Fundamentals and Applications

Part F2: Interpreting Images

Now that you know how images are viewed and what kinds of images exist in Earth Engine, how do we manipulate them? To gain the skills of interpreting images, you’ll work with bands, combining values to form indices and masking unwanted pixels. Then, you’ll learn some of the techniques available in Earth Engine for classifying images and interpreting the results.

Chapter F2.2: Accuracy Assessment: Quantifying Classification Quality


Andréa Puzzi Nicolau, Karen Dyson, David Saah, Nicholas Clinton


This chapter will enable you to assess the accuracy of an image classification. You will learn about different metrics and ways to quantify classification quality in Earth Engine. Upon completion, you should be able to evaluate whether your classification needs improvement and know how to proceed when it does.

Learning Outcomes

  • Learning how to perform accuracy assessment in Earth Engine.
  • Understanding how to generate and read a confusion matrix.
  • Understanding overall accuracy and the kappa coefficient.
  • Understanding the difference between user’s and producer’s accuracy, and the difference between omission and commission errors.

Assumes you know how to:

  • ​​Create a graph using ui.Chart (Chap. F1.3).
  • Perform a supervised Random Forest image classification (Chap. F2.1).

Github Code link for all tutorials

This code base is collection of codes that are freely available from different authors for google earth engine.

Github Source

Introduction to Theory

Any map or remotely sensed product is a generalization or model that will have inherent errors. Products derived from remotely sensed data used for scientific purposes and policymaking require a quantitative measure of accuracy to strengthen the confidence in the information generated (Foody 2002, Strahler et al. 2006, Olofsson et al. 2014). Accuracy assessment is a crucial part of any classification project, as it measures the degree to which the classification agrees with another data source that is considered to be accurate, ground-truth data (i.e., “reality”).

The history of accuracy assessment reveals increasing detail and rigor in the analysis, moving from a basic visual appraisal of the derived map (Congalton 1994, Foody 2002) to the definition of best practices for sampling and response designs and the calculation of accuracy metrics (Foody 2002, Stehman 2013, Olofsson et al. 2014, Stehman and Foody 2019). The confusion matrix (also called the “error matrix”) (Stehman 1997) summarizes key accuracy metrics used to assess products derived from remotely sensed data.
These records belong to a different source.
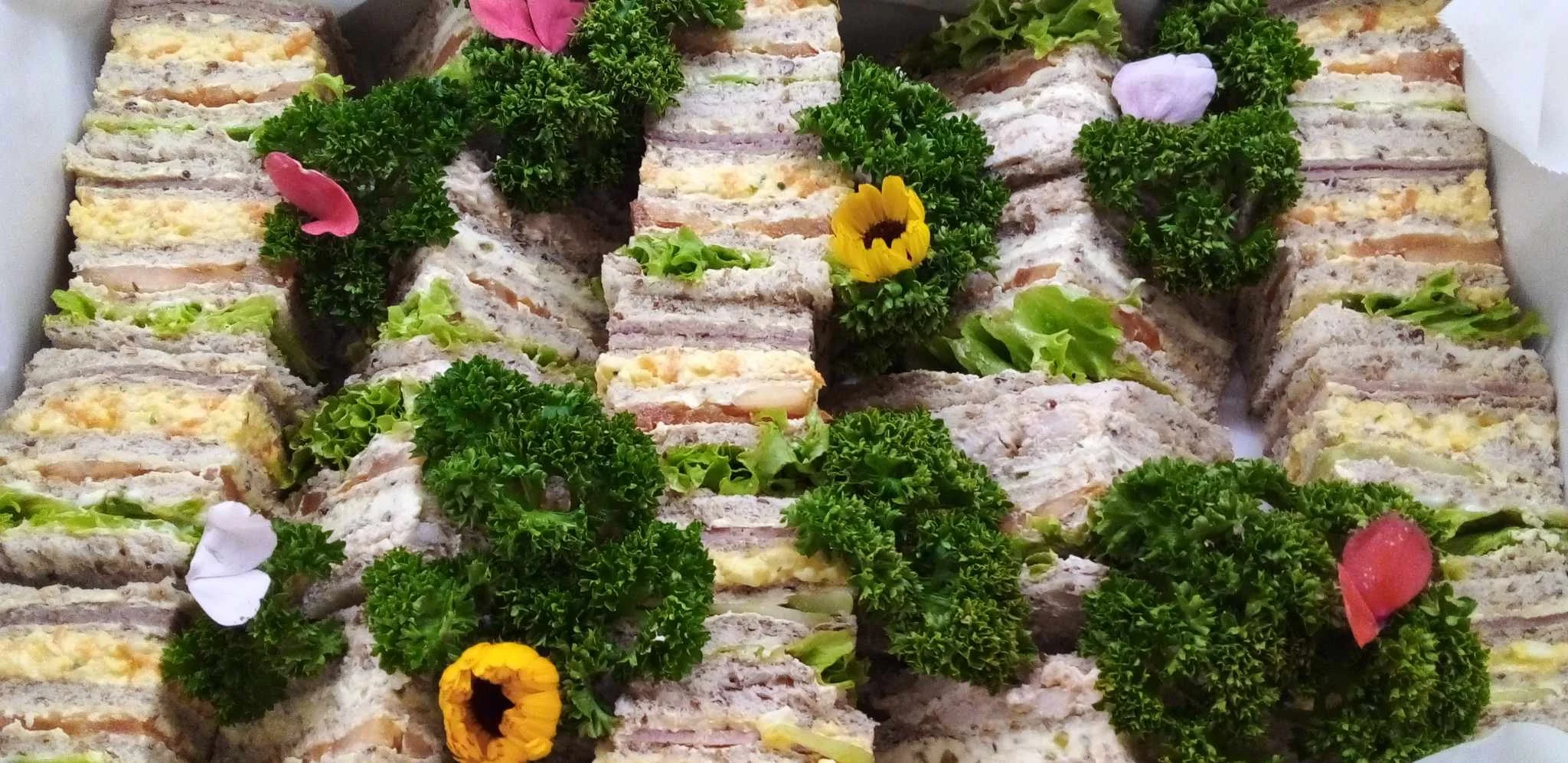 mixed club sammies.jpg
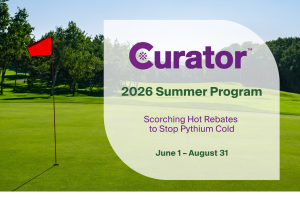 Curator Summer Program 2026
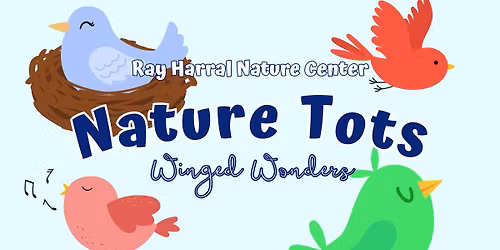 Nature Tots - Winged Wonders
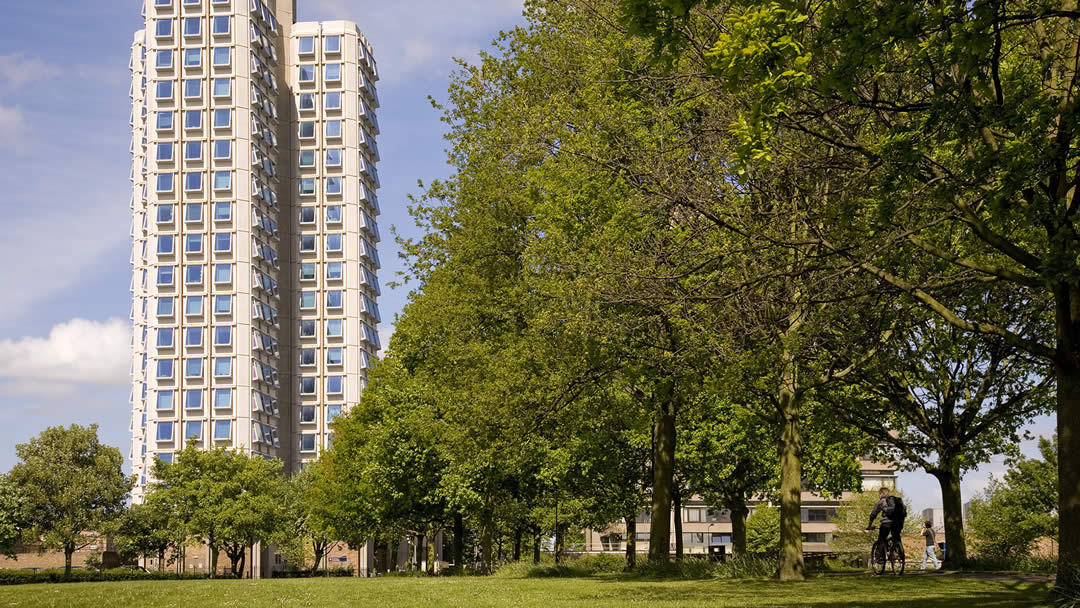 Outside view of the Attenborough tower from the park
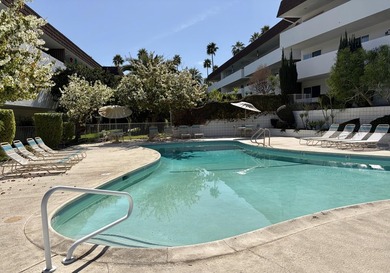 Mid Century marvel, stylishly renovated by resident owner - photo 33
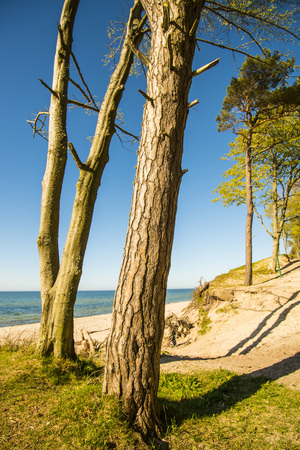 Baltic Sea in Poland with pines and dunesの写真素材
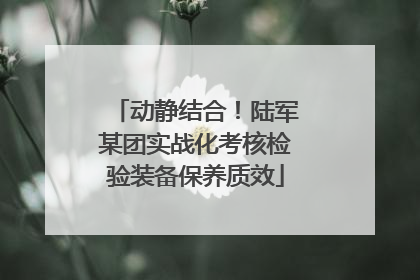 动静结合！陆军某团实战化考核检验装备保养质效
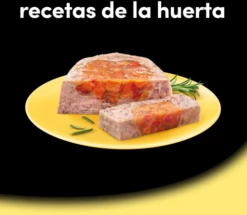 Lot 14 Cesar Nourriture Humide Recettes Pour Chiens Une Baignoire En Pâté -Miscota Soldes Boutique comida humeda perros recetas de la huerta en pate gelatina tarrina 6 g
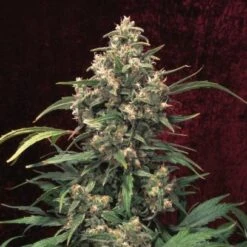 Strawberry Cough - Feminised - Dutch Passion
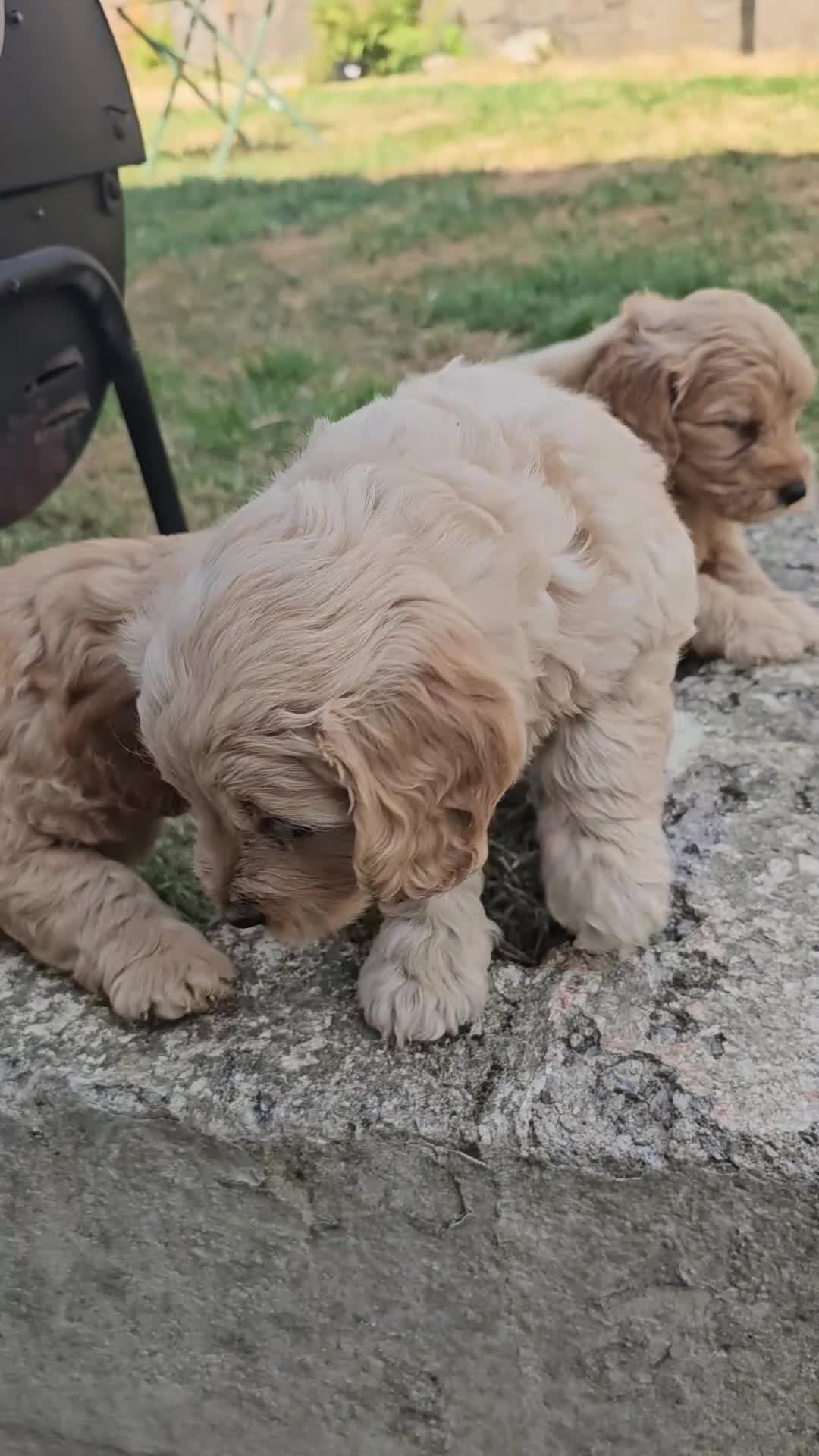 Mini Goldendoodle dogs for sale: Beautiful Mini Goldendoodle Ready Now - Video 2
In Chap. F2.1, we asked whether the classification results were satisfactory. In remote sensing, the quantification of the answer to that question is called accuracy assessment. In the classification context, accuracy measurements are often derived from a confusion matrix.

In a thorough accuracy assessment, we think carefully about the sampling design, the response design, and the analysis (Olofsson et al. 2014). Fundamental protocols are taken into account to produce scientifically rigorous and transparent estimates of accuracy and area, which requires robust planning and time. In a standard setting, we would calculate the number of samples needed for measuring accuracy (sampling design). Here, we will focus mainly on the last step, analysis, by examining the confusion matrix and learning how to calculate the accuracy metrics. This will be done by partitioning the existing data into training and testing sets.

Section 1. Quantifying Classification Accuracy Through a Confusion Matrix

If you have not already done so, be sure to add the book’s code repository to the Code Editor by entering into your browser. The book’s scripts will then be available in the script manager panel. If you have trouble finding the repo, you can visit this link for help.

To illustrate some of the basic ideas about classification accuracy, we will revisit the data and location of part of Chap. F2.1, where we tested different classifiers and classified a Landsat image of the area around Milan, Italy. We will name this dataset 'data'. This variable is a FeatureCollection with features containing the “class” values (Table F2.2.1) and spectral information of four land cover / land use classes: forest, developed, water, and herbaceous (see Fig. F2.1.8 and Fig. F2.1.9 for a refresher). We will also define a variable, predictionBands, which is a list of bands that will be used for prediction (classification)—the spectral information in the data variable.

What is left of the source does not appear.